Outro fator apontado que envolve o racismo anti-indígena, é o apagamento das populações tradicionais, que por muitos anos foi um projeto político de Estado e que permanece no imaginário de muitos brasileiros, e também do pensamento de que indígenas são selvagens e atrasados.
“O imaginário sobre os povos indígenas e o processo para nossa desumanização foi e é alimentado na educação e nas mídias. Então a população não-indígena tem uma visão estereotipada e racista sobre a gente e quando se deparara com as nossas diferentes vivências, características, línguas e costumes ficam surpresas e alguns chegam a até questionar a nossa identidade”,
afirma Sarmento.
Para a jovem, ser indígena, mulher e viver em contexto urbano é já esperar sofrer algum tipo de preconceito.

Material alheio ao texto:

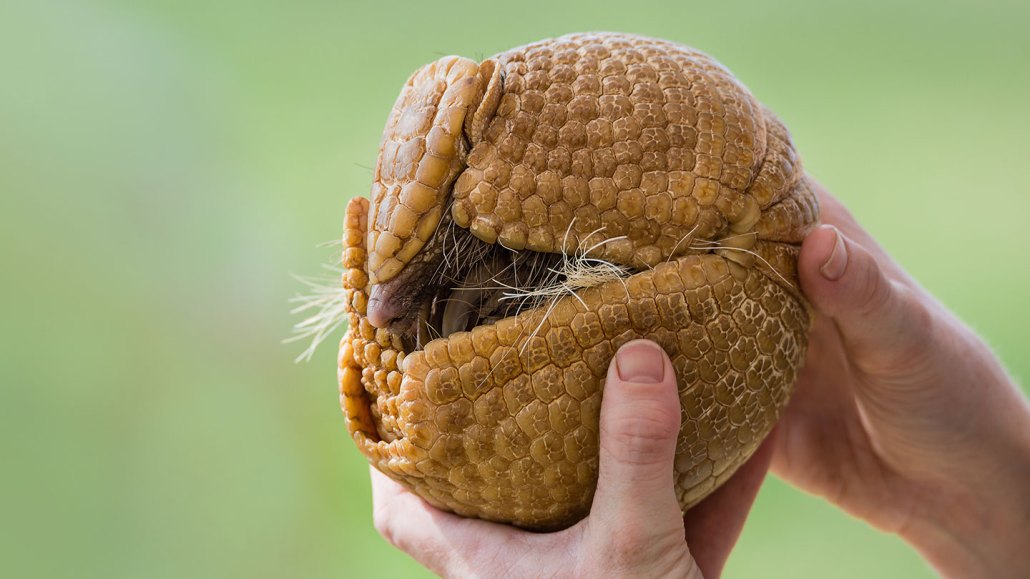 To protect itself, an armadillo (shown) can curl up so that only its armored shell is exposed. Inspired by this animal, researchers have engineered a new device that can do much the same thing. leekris/iStock/Getty Images Plus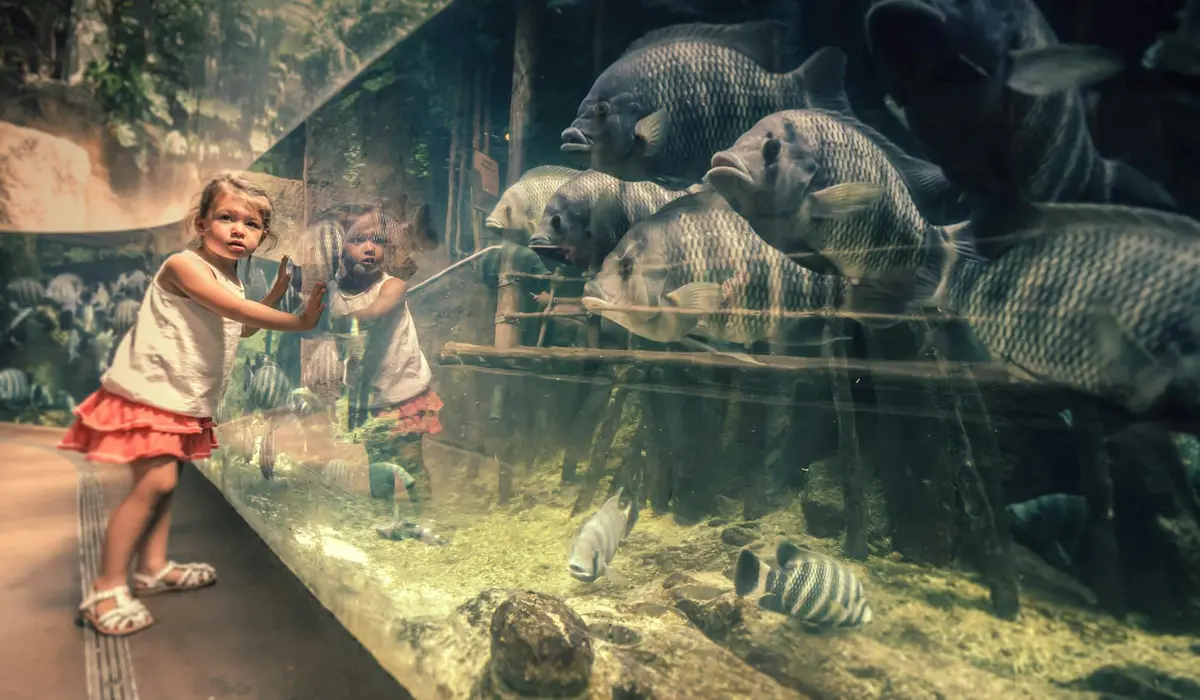 Two children looking into a large aquarium tank with big fish on the other side of the glass.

“As pessoas acham que só porque deixamos nosso território e passamos a viver em contexto urbano, deixamos de ser indígena. Ou que como indígenas não temos nossas subjetividades e direito à cidade, onde somos alvos de racismo pois se surpreendem com a gente ocupando os espaços e preservando a nossa cultura e identidade”,
explica.
Os movimentos indígenas nos últimos anos vêm se organizando politicamente para combater o racismo anti-indígena seja ocupando os espaços digitais levando a visão do racismo por suas perspectivas ou na ocupação política para deixar no passado o histórico de exclusão enquanto porta-vozes de seus interesses e da sub-representação nos parlamentos.
A assistente social finaliza afirmando que é importante frisar que os povos indígenas são diversos e estão espalhados em todo o Brasil e em diversos contextos.
O futuro é indígena e como bem disse Ailton Krenak: “Enquanto tiver gente por aqui (Brasil), nós (indígenas) estaremos aqui”.